Wednesday, May 16, 2012

Finding my Mojo

Motivated by my lack of mojo last week, motivated by the drive to keep my kids occupied and cooled off during the summer, motivated by my need to make a positive change....I have done the unthinkable. I have joined a gym. A gym with a pool, but a gym nonetheless.

I know. I was just here at Curvy Girl not too long ago spouting anti-gym sentiment. And I meant it. If going to a gym is rote torture, which I suspect it is for many people, then it's time to switch things up.

But for me, right now, joining the gym IS switching it up.

I am no stranger to gym culture. In the past 8 years, I have belonged to every single gym within a 10 mile radius. Each winter, for just the coldest months of the year, I like to join a new and different one than the year before -- I am one of those rare creatures who likes change, who thrives on it.

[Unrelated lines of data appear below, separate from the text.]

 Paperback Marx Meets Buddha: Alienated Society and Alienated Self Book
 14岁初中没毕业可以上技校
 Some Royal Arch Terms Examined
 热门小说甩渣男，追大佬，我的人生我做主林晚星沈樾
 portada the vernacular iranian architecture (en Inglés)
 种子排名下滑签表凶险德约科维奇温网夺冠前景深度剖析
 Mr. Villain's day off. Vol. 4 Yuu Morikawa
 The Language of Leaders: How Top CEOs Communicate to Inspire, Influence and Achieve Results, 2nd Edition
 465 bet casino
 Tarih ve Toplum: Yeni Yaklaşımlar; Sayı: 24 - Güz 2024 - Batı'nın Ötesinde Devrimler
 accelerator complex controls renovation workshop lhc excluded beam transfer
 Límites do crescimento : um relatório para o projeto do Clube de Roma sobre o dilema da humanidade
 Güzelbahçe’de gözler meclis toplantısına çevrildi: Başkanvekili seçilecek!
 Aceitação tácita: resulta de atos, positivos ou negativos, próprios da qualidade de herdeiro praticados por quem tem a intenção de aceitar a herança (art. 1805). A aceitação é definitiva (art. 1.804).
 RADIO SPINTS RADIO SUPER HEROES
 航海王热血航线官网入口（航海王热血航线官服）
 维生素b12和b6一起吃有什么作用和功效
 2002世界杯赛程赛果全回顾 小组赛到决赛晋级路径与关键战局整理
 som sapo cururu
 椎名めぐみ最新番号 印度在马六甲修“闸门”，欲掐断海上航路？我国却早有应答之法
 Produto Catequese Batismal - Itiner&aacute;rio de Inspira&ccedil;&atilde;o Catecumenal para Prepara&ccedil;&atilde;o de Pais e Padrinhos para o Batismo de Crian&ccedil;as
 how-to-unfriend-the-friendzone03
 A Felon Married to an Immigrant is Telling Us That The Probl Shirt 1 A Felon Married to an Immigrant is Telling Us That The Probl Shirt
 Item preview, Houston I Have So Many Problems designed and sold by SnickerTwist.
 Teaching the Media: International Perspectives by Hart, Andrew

(My husband, who abhors change of any kind, has grown accustomed over the course of our 13 year marriage to coming home from work only to find rooms re-arranged, painted in different colors, coffee mugs moved across the kitchen to a "more logical" cabinet, etc.)

Lately I have noticed that my kick-my-own-ass-spirit has gone missing. I have been cruising along on exercise auto-pilot, opting for pleasant active pursuits -- hiking with the kids, walking with friends, an occasional yoga class, a leisurely tennis match. And this is good. Great, even. But there is something missing.

As I write, it is late and I cannot sleep. I can't seem to shake the nagging sense of something I can't quite put my finger on, a distinct sense of impending imbalance, an unfortunate and unexplainable feeling of both isolation and overstimulation and the need to really journey through it or maybe against it instead of trying to roll along inside its undertow. And more than ever, I need the release.

I need to sweat, to lose my breath, to be so sore I wince everytime I sit down. I want to feel my body again, every painful muscle as it yells at me for what I did to it the day before. I want to be surrounded by sweaty people, searching for that optimum heartrate. I want to test my confidence and change in a lockeroom without shielding myself. I need to feel proud of myself, I need to feel strong.

I want something new.

And in 3 months, when I am ready for something new again, I will submit my resignation to the gym. I will don my sneakers and hit the open road, enjoy the crisp autumn air against my face. I will roll through crunchy leaves with my kids and shed that gym-rat skin, molting and renewing and reinventing what it means to be alive.

But right now, you know where to find me. Swimming laps and turbo-kicking it, scanning my keycard at the door.

 Reclaiming myself, one rep at a time, until I know where I am again. Then, and only then, I will soar.

1 comment:

  1. Orchard Hills? You still have to make it to the pond, bitch.